The experimental evaluation revealed consistently superior recall performance across all model configurations with sustained values exceeding 90% classification accuracy for positive instances. In light of these findings, hyperparameter optimization was conducted through exhaustive GridSearchCV methodology with precision explicitly designated as the principal optimization metric. This strategic selection criterion serves dual purposes: (i) maintaining the models demonstrated proficiency in positive class identification while (ii) systematically reducing Type I errors through precision maximization, thereby achieving an optimal operational equilibrium in the precision–recall trade-off space.

3.3.2. Approach 2: Descriptive Statistics of zh, zdr, kdp, and rhohv Data by Height

Description: The zh, zdr, kdp, and rhohv data at altitudes of 3 km, 6 km, and 9 km were used. These heights allow polarimetric variables to capture key processes in lightning formation, making them fundamental for lightning discharge prediction. At 3 km, which is below the melting level (approximately 4.5 km [9]), it is possible to identify rainfall intensity. At 6 km, ice particle crystallization occurs, which is a crucial process for electric charge transfer. At 9 km, there is an intensification of cloud electrification in the upper layers with the accumulation and separation of ice crystals, leading to the polarization of electrical charges, which is an essential factor for lightning formation. Results presented by Hayashi et al. [7] highlighted the importance of analyzing reflectivity and ice-phase hydrometeors in different cloud layers, reinforcing the approach of stratifying radar data by height as in this approach. For analysis purposes, only valid observed values were considered, meaning that data were included only when all variables were successfully captured by the radar.
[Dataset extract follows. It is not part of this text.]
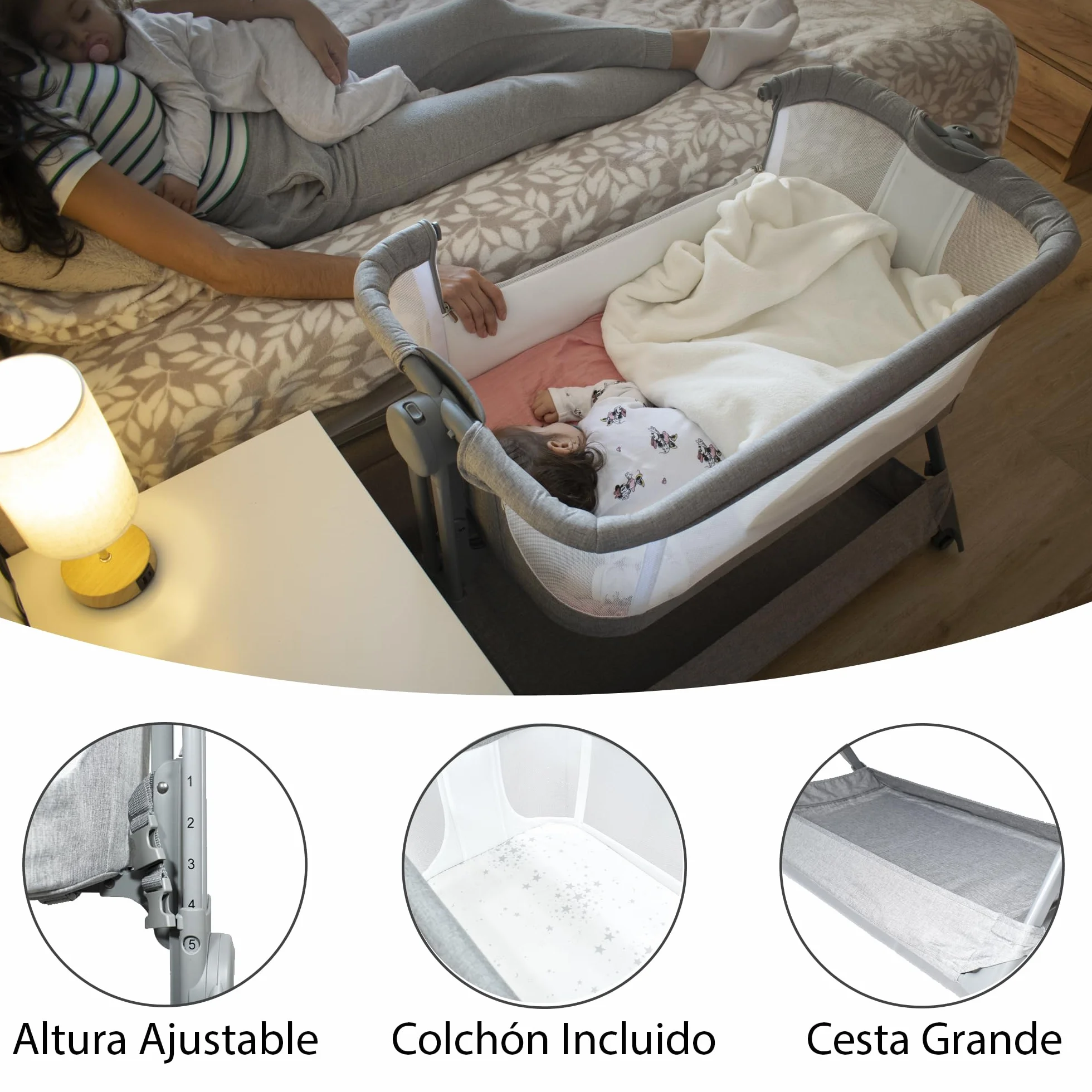 Twinly Comfortly 2 w 1 składane łóżeczko dziecięce z kółkami, regulowana wysokość, materac w zestawie
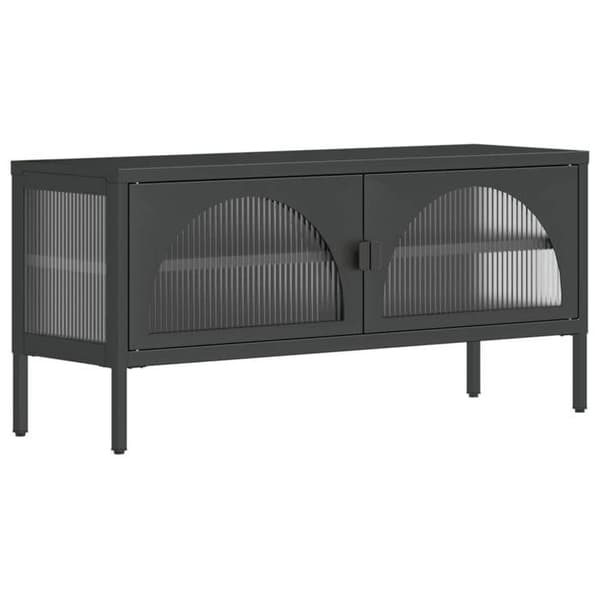 Maison Exclusive - Sort TV-møbel 105x35x50 cm glas og stål Svart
Pre-processing: Each row represented the data from an .nc file, and the columns contained the minimum, mean, maximum, and standard deviation values of the variables zh, zdr, kdp, and rhohv at altitudes of 3 km, 6 km, and 9 km. Additional variables were created to assist the algorithms, with One-Hot Encoding [28] applied to categorical variables, including the month, day, week, hour, quarter, and period of the day. A total of 4627 samples were collected with 2896 from class 0 and 1731 from class 1. With this, random (70% for training and 30% for testing) or temporal data splitting (2021 for training and 2022 for testing) were evaluated, with data imputation with SimpleImputer applying the median, SMOTEENN (SMOTE + Edited Nearest Neighbors) for class balancing, and GridSearchCV with cv = 10 folds for hyperparameter tuning. Additionally, Boruta [29] was used for feature selection for the model.

Methods: The methods used in this approach were RF, XGBoost, Decision Tree (DT), LDA, KNN, and Naive Bayes (NB). In this approach, GridSearchCV was also used for hyperparameter optimization with the values described in Table 4.

3.3.3. Approach 3: zh Data at 18 Height Levels

Description: In this approach, data from the entire volume (for all 18 levels) were obtained within a 20 km radius around the target. The reflectivity data are organized in a three-dimensional structure with dimensions 18 × 300 × 300, representing 18 levels, where each level is a 300 × 300 matrix of positions. For each level, 1264 reflectivity values were extracted, ranging approximately from −5 to 70. With 18 levels, the total number of reflectivity values per radar file was 22,752. The results reported in [12] highlighted the advantages of multi-feature approaches for lightning prediction, which aligns with this approach, where reflectivity values from 18 height levels are used as model inputs. Also, as in [13], this approach uses high-dimensional reflectivity data as ML model inputs for lightning forecasting.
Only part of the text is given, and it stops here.